Le renouveau de l’Orient-Express
Faisant écho à l’exposition 1925-2025 Cent ans d’Art Déco au Musée des Arts décoratifs à Paris, une exposition présente, dans la grande nef du musée, la renaissance de l’Orient-Express.
L’Orient-Express incarne pour beaucoup l’âge d’or du voyage. Le premier train est parti de la gare de Strasbourg (aujourd’hui gare de l’est) à Paris le 4 octobre 1883 pour rejoindre Constantinople. Le Belge Georges Nagelmackers est le fondateur de la Compagnie internationale des wagons-lits. Aux USA, il avait été séduit par les sleeping-cars de l’Américain George Pullman. Son train, qu’il appelle Orient-Express, est alors décoré dans un style Belle Époque / Art Nouveau. Et dans les années 1920, l’Orient-Express devient Art Déco, dans l’air du temps, d’une manière très luxueuse.

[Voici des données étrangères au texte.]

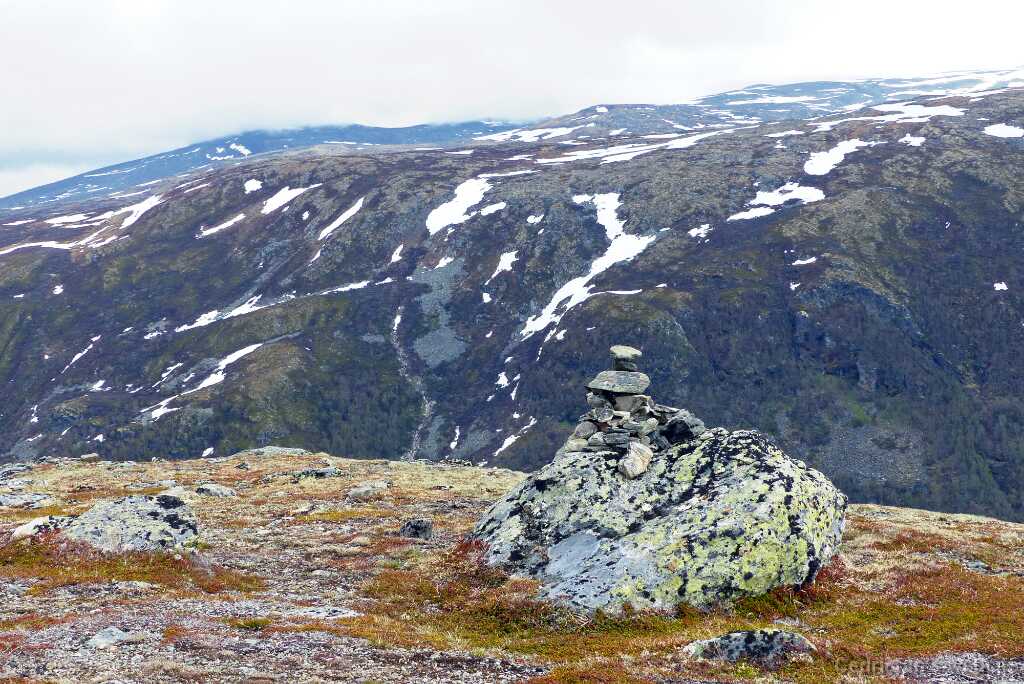 P1270812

Avant de présenter le nouveau train, cette exposition propose également la reconstitution d’un compartiment Lx de la Compagnie internationale des wagons-lits de 1929, avec un lit décoré par René Prou, qui crée un motif floral stylisé. Ces voitures, très luxueuses, comportaient 10 compartiments individuels. 8 d’entre eux pouvaient être reliés par paire et composer des cabines-suites. Une banquette formait le canapé pour le jour et devenait un lit la nuit, et un cabinet de toilette complétait l’aménagement. La voiture de ce compartiment faisait partie de L’Étoile du Nord, qui reliait Paris à Amsterdam.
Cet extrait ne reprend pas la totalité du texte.